Das war schon ein besonderer Moment, endlich wieder mit den Jungs auf dem Platz zu stehen. In allen Gesichtern war eine große Freude zu erkennen, sich wiederzusehen, den Ball wieder am Fuß zu haben. Doch bei aller Euphorie spüre ich auch, dass sich viele Spieler erst wieder an Fußball gewöhnen müssen. Damit meine ich gar nicht so sehr die körperlichen Aspekte, sondern vor allem die ungewohnte Terminpflicht. Besonders mit Blick auf den unsicheren Saisonstart-Termin in noch fast ferner Zukunft. Fußball war sieben Monate verschwunden, jetzt ist er wieder da. Wie viel Prozent kann ich von den Spielern verlangen?

Ich war selber lange genug Spieler, um mich daran zu erinnern, dass es immer reizvoller ist, ein Ziel vor Augen zu haben. Dieses Ziel ist in der Regel der Saisonstart, der dazu führt, dass Spieler in der Vorbereitung bereiter dafür sind, sich zu quälen. Dieses Ziel ist anders als sonst nicht nur 4-6 Wochen entfernt, sondern vermutlich noch 8-10. Ich kann verstehen, dass sich einige Trainer sofort auf die Suche nach Testspielgegnern machen, am besten direkt am nächsten Wochenende. Doch ich werde das nicht tun. Nicht nur, dass ich persönlich die Verletzungsgefahr nach so langer Pause für hoch halte, auch denke ich, dass sich die jetzige Euphorie nicht über so viele Wochen ohne Pflichtspiel tragen lässt. Spieler mögen kurze, knackige Vorbereitungen, nicht mehrere, ewig erscheinende Wochen.

Deswegen habe ich mich für einen anderen Ansatz entschieden. Wohlgemerkt bei einer Herrenmannschaft. Bei Junioren ist das aufgrund des Entwicklungsaspekts sicherlich anders zu bewerten. Davon ausgehend, dass die neue Saison vermutlich direkt Anfang August starten wird, müssen meine Spieler bis zum Vorbereitungsstart Ende Juni nur einmal pro Woche verpflichtend trainieren. Wer mag, kann auch beide Male wahrnehmen. Auch eine dritte Einheit mit Kleinstgruppen oder Einzeltraining wird zur Verfügung stehen. So kann jeder Spieler ganz individuell entscheiden, mit welchem Pensum er sich an die terminliche und körperliche Belastung gewöhnen will.
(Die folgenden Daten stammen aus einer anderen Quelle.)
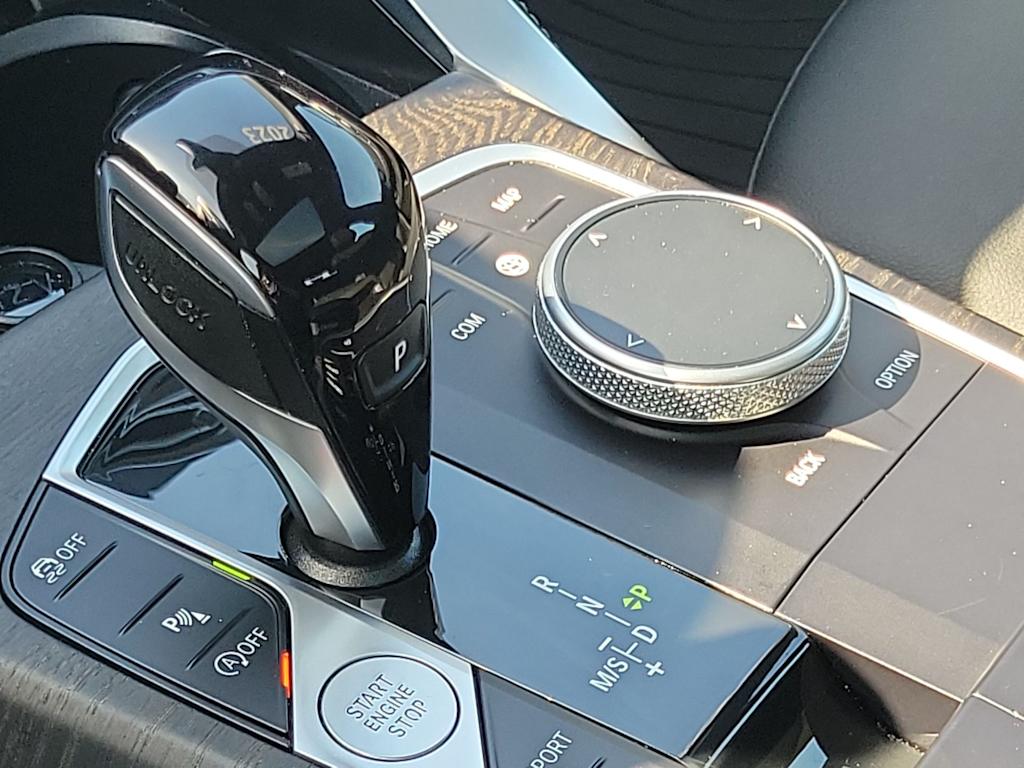 Thumbnail: 2023 BMW 4 Series - 11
Spiele werden erst mit Start der Sommervorbereitung stattfinden. So kommen alle langsam wieder in den Rhythmus, lecken wieder Blut, ohne von 0 auf 100 starten zu müssen.
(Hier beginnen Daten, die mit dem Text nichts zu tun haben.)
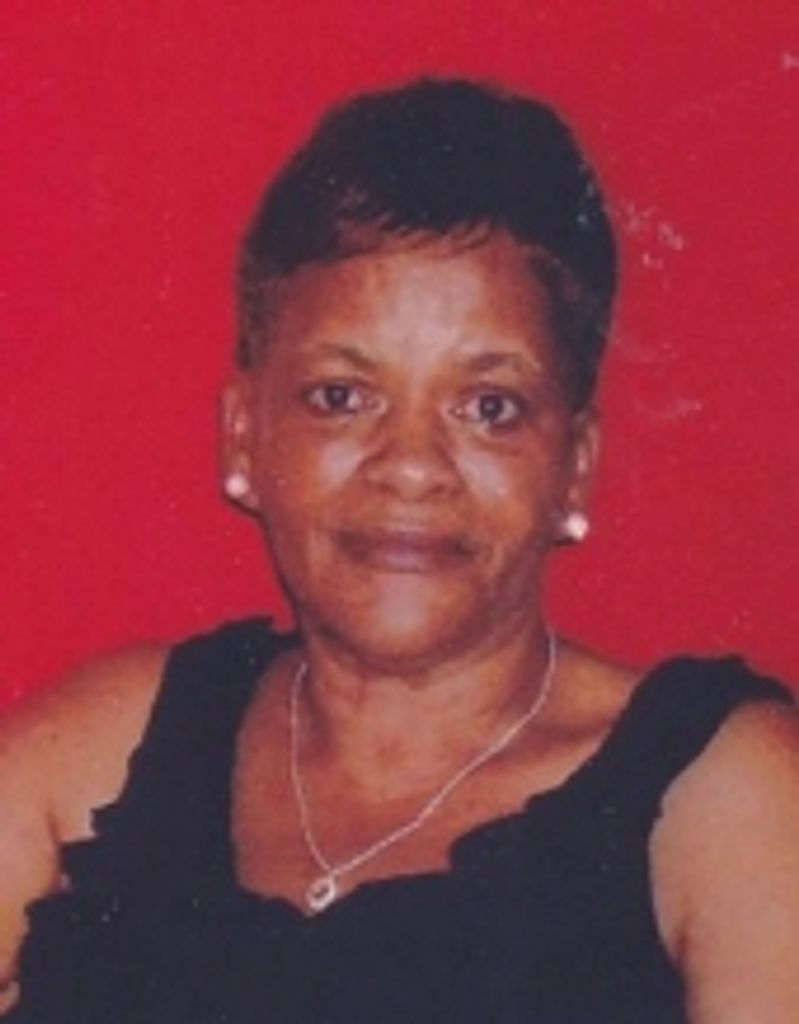 Mary Odelia Joe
Dieses Vorgehen habe ich nicht ganz alleine beschlossen, sondern mit dem Mannschaftrat abgesprochen. Durch ganz unterschiedliche Rückmeldungen können in der Trainingsgestaltung alle Strömungen innerhalb des Teams berücksichtigt werden. Jetzt steht erst einmal das gemeinsame Fußballspielen im Vordergrund und ab Ende Juni rücken dann wieder ambitionierte sportliche Ziele in den Fokus. Ich freue mich darauf.